Op het ZEN-congres Aardgasvrije Nieuwbouw van 29 maart a.s. geeft Anne Marie van Osch een presentatie over haar ervaringen.

Sinds 2,5 jaar heeft de gemeente Almere het beleidsplan 'Energie werkt'. Kernpunt daarvan is dat de jonge, snelgroeiende gemeente helemaal van het aardgas af wil. Veertig procent van de woningen (32 duizend) hebben aardgas en zestig procent (50 duizend woningen) verwarmt zich met een warmtenet.

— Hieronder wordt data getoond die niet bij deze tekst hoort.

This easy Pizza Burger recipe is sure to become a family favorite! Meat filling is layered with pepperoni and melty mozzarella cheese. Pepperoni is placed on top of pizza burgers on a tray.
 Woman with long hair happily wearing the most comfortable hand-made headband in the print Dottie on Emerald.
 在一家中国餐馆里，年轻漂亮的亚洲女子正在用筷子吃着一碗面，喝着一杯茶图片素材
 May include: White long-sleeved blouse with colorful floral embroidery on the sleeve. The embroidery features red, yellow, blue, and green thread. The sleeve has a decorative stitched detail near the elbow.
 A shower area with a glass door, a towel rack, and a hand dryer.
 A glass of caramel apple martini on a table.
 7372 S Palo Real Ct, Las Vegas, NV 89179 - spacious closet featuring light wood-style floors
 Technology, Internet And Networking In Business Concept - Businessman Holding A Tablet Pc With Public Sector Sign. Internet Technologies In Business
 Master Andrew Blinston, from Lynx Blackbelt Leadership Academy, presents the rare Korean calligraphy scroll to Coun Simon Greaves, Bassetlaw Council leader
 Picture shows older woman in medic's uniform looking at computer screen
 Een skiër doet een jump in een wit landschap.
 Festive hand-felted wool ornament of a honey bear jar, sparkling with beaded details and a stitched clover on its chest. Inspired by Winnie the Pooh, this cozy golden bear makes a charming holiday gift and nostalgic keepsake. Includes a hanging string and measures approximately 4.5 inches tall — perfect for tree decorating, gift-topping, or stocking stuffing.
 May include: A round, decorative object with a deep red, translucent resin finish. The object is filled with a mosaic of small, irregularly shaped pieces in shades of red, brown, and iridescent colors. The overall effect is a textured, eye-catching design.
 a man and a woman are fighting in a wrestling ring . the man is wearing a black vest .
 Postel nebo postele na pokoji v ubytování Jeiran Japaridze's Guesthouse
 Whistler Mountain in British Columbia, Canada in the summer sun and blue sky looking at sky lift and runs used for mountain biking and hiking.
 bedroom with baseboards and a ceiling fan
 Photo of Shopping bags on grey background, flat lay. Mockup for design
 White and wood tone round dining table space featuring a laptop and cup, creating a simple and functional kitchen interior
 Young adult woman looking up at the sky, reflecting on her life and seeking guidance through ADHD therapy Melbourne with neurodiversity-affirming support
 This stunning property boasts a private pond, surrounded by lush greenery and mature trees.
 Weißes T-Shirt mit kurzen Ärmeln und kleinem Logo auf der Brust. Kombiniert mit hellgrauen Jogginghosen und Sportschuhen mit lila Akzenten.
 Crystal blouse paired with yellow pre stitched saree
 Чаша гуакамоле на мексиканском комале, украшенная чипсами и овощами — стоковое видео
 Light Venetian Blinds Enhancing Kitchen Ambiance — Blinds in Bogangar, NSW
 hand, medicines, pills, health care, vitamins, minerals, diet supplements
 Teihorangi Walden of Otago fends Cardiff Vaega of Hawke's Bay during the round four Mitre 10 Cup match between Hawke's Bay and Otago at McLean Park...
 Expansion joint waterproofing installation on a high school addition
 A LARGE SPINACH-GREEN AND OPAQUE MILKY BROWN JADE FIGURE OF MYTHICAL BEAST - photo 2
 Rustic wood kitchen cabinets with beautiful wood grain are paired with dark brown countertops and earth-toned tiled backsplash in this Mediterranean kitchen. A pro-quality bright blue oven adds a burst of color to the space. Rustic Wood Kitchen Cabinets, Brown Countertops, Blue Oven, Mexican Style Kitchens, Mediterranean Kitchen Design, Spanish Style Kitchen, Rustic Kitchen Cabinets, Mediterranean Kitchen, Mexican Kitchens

Maar ook dat warmtenet draait nog op aardgas, namelijk op de warmte die vrijkomt bij de productie van elektriciteit door aardgas te verbranden.

München en Parijs als voorbeeld
Het warmtenet voeden met warm water uit Moeder Aarde op een diepte van vijf kilometer lijkt een huzarenstukje, want er is in Nederland alleen ervaring met geringere diepte. “Toch verwarmt een stad als München zich nagenoeg helemaal met ultradiepe geothermie, en ook in Parijs wordt de techniek met succes toegepast”, zegt Anne Marie van Osch, projectmanager duurzame energie van de gemeente Almere. “TNO heeft enkele jaren geleden na onderzoek de Almeerse ondergrond als kansrijk aangemerkt, dus werken we nu samen met het Ministerie van Economische Zaken aan vervolgstappen.”

De tienduizend oudste woningen van Almere – pas veertig jaar oud – worden na een inventariserend onderzoek ook op een warmtenet aangesloten. “All-electric met een warmtepomp bleek te duur. We hopen dat bewoners – 40 % huur, 60 % koop – ermee akkoord gaan, vooral als de kosten gelijk blijven en het gepaard gaat met een forse comfortverhoging”, aldus Van Osch.

Negatief imago
Het stadswarmtenet, eigendom van NUON, heeft een negatief imago in Almere. “Indertijd is een eeuwigdurend contract met de overheid afgesloten, maar door privatisering van de energiebedrijven is het nu in handen van een private partij. De prijs van de warmte is al jaren een punt van politieke discussie en juridische processen. Stadsverwarming blijft een gevoelig punt in Almere.”
Ook een deel van de overige 22 duizend woningen die direct op het aardgasnet zitten, worden op een stadswarmtenet aangesloten. De jongste woningen, van na 1990, worden verbouwd tot all-electric inclusief een warmtepomp. “De nieuwe warmtenetten worden separaat aanbesteed”, zegt Van Osch. “Het kan zijn dat NUON de gunstigste aanbieding doet, meewerkt aan vergroening en een koppeling kan maken met het bestaande warmtenet.”

TEO en TEA
De gemeente wil in elk geval voorkomen dat er weer HR-ketels worden opgehangen. Ook de thermische energie uit het oppervlaktewater (TEO) in het waterrijke Almere biedt kansen voor verduurzaming van het warmtenet, net als de thermische energie uit afvalwater (TEA) in het riool. Van Osch: “We verwachten vooral veel van TEO maar ook van TEA.”

In de uitbreidingswijk Nobelhorst werd door tal van technische, juridische en vooral financiële obstakels uiteindelijk ook gekozen voor aardgas, dus deze woningen zullen waarschijnlijk niet als eerste aardgasvrij zijn, maar juist het laatst van het aardgasnet worden gehaald. “Daar wilden we aanvankelijk dat bodemwarmte in de vorm van WKO als warmte- en koudebron voor de woningen zouden dienen, maar de hoge kosten en de wettelijke bescherming van drinkwatervoorraden in de bodem speelden ons parten. We mochten niet dieper dan tien meter.” Er zijn nu enkele honderden van de 4000 woningen gerealiseerd. Van Osch: “Bij de aanleg van de rest denken we ook daar aan een warmtenet dat mogelijk kan worden gevoed met de restwarmte van een nabijgelegen groot datacenter.”